Fresh pathological specimens were analyzed before formalin fixation to prevent potential changes in tumor shape and size. , The tumors were recorded in three dimensions by pathologists according to consistent measurements recorded as “a × b × c”. Briefly, the longest tumor axis (labeled as “a”) was first measured. Then, the next longest axis (labeled as “b”) perpendicular to “a” was scaled on another dimension. Finally, the third dimension (label “c”) was defined as the length of the longest axis perpendicular to the “a” and “b” plane. Therefore, the L/S ratio was calculated as the ratio of the longest and shortest axis among labels “a”, “b”, or “c”. The definitions of survival outcomes followed the standard outcome measures for thymic malignancies of the International Thymic Malignancy Interest Group (ITMIG). In brief, overall survival (OS) was defined as the time interval between the date of operation and the date of death. Progression‐free survival (PFS) and disease‐free survival (DFS) were calculated from the date of resection of the primary tumors to the date of the diagnosis of disease progression (whole population) and recurrence (patients who underwent R0 resection), respectively.

Statistical analysis

We divided the patients into higher and lower L/S ratio groups based on the threshold of the L/S ratio for predicting 10‐year OS, which was optimized by maximizing sensitivity plus specificity from the time‐dependent receiver operating characteristic (tROC) curve as we previously reported. The tROC curve analysis extends the standard cross‐sectional ROC curve into the longitudinal setting using survival analysis techniques. It assesses the discriminatory power of continuous variables for time‐dependent disease outcomes. Differences in patient clinicopathological characteristics between higher and lower L/S ratios were evaluated using Pearson's chi‐square test or the continuity‐adjusted chi‐square test and independent‐sample t‐test. The Kaplan‐Meier method was used to analyze OS, PFS, and DFS, and the log‐rank test was used to evaluate differences between the two groups. Univariate and multivariate Cox regression analyses were performed to identify prognostic factors for survival outcomes and graphically plotted using forest plots. Only variables in the univariate analysis at p < 0.05 were included in the multivariate analysis.

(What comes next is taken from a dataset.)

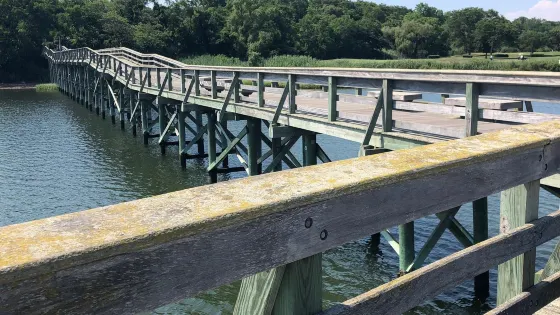 Norman J. Levy Park & Preserve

To further evaluate the prognostic significance of the L/S ratio, Cox regression models with and without the L/S ratio were constructed to predict 10‐year survival outcomes. The performance of these models was estimated via the concordance index (C‐index) and the time‐dependent area under the curve (tAUC) of tROC which could estimate t‐year survival predicting performance for right‐censored data. The DeLong test was performed to assess the differences between the tAUCs of different models. In addition, to visualize the continuous performances of prediction models between the two groups from 5–15 years, the integrated tAUCs (iAUCs) were calculated. Considering the limited sample size, we performed leave‐one‐out cross‐validation (LOOCV) to validate the performance of these models. All statistical calculations were performed using R version 3.6.3 (R Foundation for Statistical Computing) using the survival, survminer, rms, survivalROC, and timeROC and survAUC packages.

RESULTS

Threshold of L/S ratio

An L/S ratio of 1.39 showed the best discriminative performance for 10‐year OS by tROC curve (tAUC = 0.734) (Figure E2). Therefore, an L/S ratio of 1.39 was used as a threshold for clinical significance in subsequent analyses. The groups of higher (n = 42) and lower (n = 94) L/S ratios were defined as an L/S ratio >1.39 and an L/S ratio ≤ 1.39, respectively. Furthermore, by using the same statistical methods, patients with R0 resection thymoma (n = 117) were divided into higher and lower L/S ratio groups (n = 21 vs. 96) according to the threshold value of 1.54 (tAUC = 0.697) (Figure E2).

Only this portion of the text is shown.